[Your assignment] Consider the listing below. Extract exactly the lines from the line containing "Dwellcome Home Ltd" to the line containing "Gezellig Appartement In", both included.

Data in this exercise Start Marker

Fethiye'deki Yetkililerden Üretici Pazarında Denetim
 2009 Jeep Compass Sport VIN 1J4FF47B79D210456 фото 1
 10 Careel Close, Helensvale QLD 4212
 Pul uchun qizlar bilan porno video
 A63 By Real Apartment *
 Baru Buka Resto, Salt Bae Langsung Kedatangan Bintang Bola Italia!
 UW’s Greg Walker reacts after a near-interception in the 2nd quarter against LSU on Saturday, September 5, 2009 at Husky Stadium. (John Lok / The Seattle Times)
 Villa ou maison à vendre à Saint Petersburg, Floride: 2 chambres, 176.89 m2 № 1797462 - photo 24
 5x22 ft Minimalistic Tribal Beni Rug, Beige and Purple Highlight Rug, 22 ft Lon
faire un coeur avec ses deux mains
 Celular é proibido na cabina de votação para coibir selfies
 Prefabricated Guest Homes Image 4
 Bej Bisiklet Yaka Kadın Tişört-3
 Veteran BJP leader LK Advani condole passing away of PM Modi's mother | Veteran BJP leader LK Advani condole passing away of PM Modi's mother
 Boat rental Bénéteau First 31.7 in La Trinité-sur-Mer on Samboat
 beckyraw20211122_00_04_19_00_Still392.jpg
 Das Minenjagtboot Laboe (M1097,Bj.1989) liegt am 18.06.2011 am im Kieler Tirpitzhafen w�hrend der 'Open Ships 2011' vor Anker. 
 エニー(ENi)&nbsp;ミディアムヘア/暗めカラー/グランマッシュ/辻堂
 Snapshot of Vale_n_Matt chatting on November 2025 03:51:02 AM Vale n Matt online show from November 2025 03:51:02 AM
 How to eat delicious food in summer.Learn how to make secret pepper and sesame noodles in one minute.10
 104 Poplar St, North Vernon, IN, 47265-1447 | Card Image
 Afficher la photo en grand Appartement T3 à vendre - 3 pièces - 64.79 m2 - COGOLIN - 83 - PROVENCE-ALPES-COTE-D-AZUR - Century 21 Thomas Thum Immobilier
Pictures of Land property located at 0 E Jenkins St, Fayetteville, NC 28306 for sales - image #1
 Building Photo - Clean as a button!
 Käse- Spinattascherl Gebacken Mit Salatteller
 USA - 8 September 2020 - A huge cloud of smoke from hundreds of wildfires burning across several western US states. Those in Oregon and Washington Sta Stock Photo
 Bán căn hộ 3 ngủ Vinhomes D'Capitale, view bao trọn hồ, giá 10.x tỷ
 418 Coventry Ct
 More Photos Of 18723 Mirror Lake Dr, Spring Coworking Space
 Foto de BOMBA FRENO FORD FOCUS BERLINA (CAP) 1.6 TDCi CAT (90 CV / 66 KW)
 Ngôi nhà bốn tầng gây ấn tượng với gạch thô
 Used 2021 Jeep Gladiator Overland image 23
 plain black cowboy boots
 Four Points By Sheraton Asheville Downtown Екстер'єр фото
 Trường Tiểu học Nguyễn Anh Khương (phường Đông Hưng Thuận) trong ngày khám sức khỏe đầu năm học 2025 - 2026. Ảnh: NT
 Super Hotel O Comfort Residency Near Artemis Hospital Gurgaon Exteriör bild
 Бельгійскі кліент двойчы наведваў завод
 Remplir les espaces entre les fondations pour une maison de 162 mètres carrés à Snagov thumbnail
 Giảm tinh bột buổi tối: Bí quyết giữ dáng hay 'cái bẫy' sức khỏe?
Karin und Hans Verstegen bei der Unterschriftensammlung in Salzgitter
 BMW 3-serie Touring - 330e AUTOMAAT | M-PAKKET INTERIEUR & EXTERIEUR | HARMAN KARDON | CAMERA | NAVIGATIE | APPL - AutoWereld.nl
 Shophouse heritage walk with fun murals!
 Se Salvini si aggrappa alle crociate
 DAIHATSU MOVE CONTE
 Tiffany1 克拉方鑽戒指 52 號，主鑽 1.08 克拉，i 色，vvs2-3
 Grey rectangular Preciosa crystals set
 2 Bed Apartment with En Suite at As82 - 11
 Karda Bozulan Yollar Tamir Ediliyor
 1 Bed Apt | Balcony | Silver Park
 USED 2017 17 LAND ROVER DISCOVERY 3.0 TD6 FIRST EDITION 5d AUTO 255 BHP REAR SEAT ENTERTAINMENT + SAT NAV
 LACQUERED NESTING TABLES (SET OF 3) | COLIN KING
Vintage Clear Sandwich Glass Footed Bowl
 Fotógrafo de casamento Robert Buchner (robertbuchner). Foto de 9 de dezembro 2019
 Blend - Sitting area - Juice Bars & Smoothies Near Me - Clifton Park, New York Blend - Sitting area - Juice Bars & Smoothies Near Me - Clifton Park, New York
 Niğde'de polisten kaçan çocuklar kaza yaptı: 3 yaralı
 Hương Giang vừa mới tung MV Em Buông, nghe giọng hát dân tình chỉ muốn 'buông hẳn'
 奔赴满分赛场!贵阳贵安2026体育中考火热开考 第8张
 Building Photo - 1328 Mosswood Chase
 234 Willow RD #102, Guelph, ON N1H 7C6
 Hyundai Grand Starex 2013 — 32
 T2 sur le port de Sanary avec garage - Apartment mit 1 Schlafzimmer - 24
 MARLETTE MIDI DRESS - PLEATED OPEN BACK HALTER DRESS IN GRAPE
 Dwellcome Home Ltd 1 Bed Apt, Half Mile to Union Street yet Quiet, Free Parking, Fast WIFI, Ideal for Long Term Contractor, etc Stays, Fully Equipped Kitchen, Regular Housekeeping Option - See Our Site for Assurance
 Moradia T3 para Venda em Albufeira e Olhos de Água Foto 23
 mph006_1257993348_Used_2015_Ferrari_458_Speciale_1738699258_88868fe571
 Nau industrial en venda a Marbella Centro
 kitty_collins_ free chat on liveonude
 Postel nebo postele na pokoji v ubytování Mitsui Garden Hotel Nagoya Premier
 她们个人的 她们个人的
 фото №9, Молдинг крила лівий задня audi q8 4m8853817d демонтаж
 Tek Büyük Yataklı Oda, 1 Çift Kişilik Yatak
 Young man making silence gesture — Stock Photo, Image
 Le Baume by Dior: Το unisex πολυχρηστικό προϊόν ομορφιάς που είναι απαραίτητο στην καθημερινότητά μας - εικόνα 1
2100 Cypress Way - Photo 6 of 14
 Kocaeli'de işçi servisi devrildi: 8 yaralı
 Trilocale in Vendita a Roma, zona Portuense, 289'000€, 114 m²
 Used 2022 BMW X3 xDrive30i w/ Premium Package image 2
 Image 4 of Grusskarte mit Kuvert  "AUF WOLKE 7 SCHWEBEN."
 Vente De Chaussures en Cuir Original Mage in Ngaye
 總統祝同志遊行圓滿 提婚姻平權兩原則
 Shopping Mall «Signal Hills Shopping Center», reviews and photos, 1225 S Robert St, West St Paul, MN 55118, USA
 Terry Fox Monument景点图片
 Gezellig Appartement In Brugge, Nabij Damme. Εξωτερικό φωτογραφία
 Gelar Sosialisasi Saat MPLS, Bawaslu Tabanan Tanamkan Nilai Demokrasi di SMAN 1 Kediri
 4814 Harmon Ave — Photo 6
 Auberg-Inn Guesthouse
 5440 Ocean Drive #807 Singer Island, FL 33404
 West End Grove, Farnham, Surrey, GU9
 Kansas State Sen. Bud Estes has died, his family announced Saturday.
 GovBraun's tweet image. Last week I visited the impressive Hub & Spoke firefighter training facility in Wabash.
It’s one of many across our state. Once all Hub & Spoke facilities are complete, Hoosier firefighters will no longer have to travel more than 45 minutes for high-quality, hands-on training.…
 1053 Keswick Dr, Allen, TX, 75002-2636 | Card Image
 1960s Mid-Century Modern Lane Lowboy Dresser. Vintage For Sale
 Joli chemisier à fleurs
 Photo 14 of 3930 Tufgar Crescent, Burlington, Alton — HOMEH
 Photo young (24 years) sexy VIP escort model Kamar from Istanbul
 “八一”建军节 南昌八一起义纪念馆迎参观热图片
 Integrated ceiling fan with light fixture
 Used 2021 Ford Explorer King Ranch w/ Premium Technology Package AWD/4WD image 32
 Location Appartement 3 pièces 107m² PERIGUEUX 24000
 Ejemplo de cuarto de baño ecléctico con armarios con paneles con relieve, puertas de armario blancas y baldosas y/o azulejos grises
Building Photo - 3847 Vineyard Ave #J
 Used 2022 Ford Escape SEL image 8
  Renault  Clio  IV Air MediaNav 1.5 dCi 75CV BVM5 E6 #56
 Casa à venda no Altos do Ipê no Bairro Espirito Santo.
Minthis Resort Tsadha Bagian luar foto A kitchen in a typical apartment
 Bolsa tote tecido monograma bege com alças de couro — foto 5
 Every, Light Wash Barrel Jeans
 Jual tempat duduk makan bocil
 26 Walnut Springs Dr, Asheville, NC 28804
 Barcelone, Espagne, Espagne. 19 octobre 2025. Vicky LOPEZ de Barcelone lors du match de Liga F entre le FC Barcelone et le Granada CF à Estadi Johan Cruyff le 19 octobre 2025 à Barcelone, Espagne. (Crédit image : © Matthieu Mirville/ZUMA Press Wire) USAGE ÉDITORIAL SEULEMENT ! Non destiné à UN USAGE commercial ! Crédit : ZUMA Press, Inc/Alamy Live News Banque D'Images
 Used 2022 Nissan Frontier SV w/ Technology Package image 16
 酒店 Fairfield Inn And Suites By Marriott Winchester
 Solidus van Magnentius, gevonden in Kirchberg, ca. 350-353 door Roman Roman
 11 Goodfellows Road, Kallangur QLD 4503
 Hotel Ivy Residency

Data in this exercise End Marker

[Problem solution]
 Dwellcome Home Ltd 1 Bed Apt, Half Mile to Union Street yet Quiet, Free Parking, Fast WIFI, Ideal for Long Term Contractor, etc Stays, Fully Equipped Kitchen, Regular Housekeeping Option - See Our Site for Assurance
 Moradia T3 para Venda em Albufeira e Olhos de Água Foto 23
 mph006_1257993348_Used_2015_Ferrari_458_Speciale_1738699258_88868fe571
 Nau industrial en venda a Marbella Centro
 kitty_collins_ free chat on liveonude
 Postel nebo postele na pokoji v ubytování Mitsui Garden Hotel Nagoya Premier
 她们个人的 她们个人的
 фото №9, Молдинг крила лівий задня audi q8 4m8853817d демонтаж
 Tek Büyük Yataklı Oda, 1 Çift Kişilik Yatak
 Young man making silence gesture — Stock Photo, Image
 Le Baume by Dior: Το unisex πολυχρηστικό προϊόν ομορφιάς που είναι απαραίτητο στην καθημερινότητά μας - εικόνα 1
2100 Cypress Way - Photo 6 of 14
 Kocaeli'de işçi servisi devrildi: 8 yaralı
 Trilocale in Vendita a Roma, zona Portuense, 289'000€, 114 m²
 Used 2022 BMW X3 xDrive30i w/ Premium Package image 2
 Image 4 of Grusskarte mit Kuvert  "AUF WOLKE 7 SCHWEBEN."
 Vente De Chaussures en Cuir Original Mage in Ngaye
 總統祝同志遊行圓滿 提婚姻平權兩原則
 Shopping Mall «Signal Hills Shopping Center», reviews and photos, 1225 S Robert St, West St Paul, MN 55118, USA
 Terry Fox Monument景点图片
 Gezellig Appartement In Brugge, Nabij Damme. Εξωτερικό φωτογραφία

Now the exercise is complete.